YOUR TASK.
Using the data below, return word for word every line from the one holding "livedoornews's tweet photo." down to the one holding "https://t.co/I6fjOeGHm7". Leave pictures out.

RECORD SET.

☆ ☆ ☆ ☆ ☆

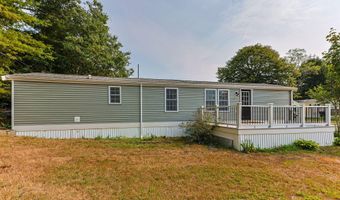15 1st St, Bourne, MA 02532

☆ ☆ ☆ ☆ ☆

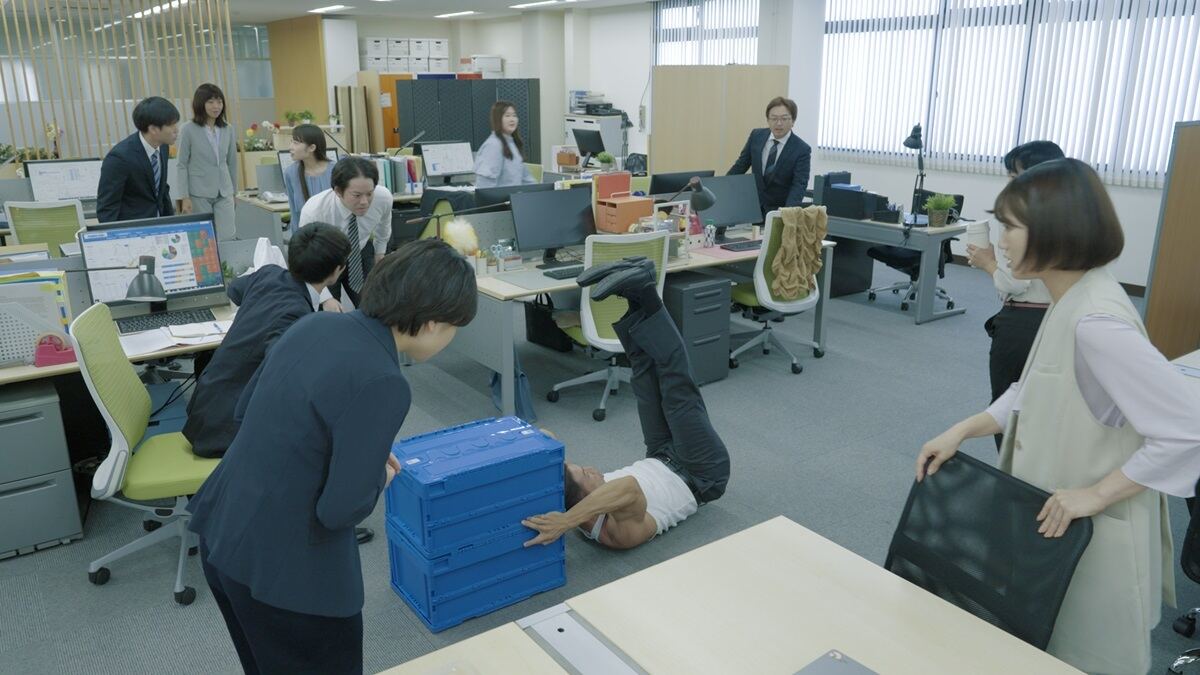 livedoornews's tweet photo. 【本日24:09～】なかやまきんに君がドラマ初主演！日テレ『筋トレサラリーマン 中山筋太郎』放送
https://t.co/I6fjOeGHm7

☆ ☆ ☆ ☆ ☆

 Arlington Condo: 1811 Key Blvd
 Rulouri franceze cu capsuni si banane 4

☆ ☆ ☆ ☆ ☆

SOLVED PROBLEM.
 livedoornews's tweet photo. 【本日24:09～】なかやまきんに君がドラマ初主演！日テレ『筋トレサラリーマン 中山筋太郎』放送
https://t.co/I6fjOeGHm7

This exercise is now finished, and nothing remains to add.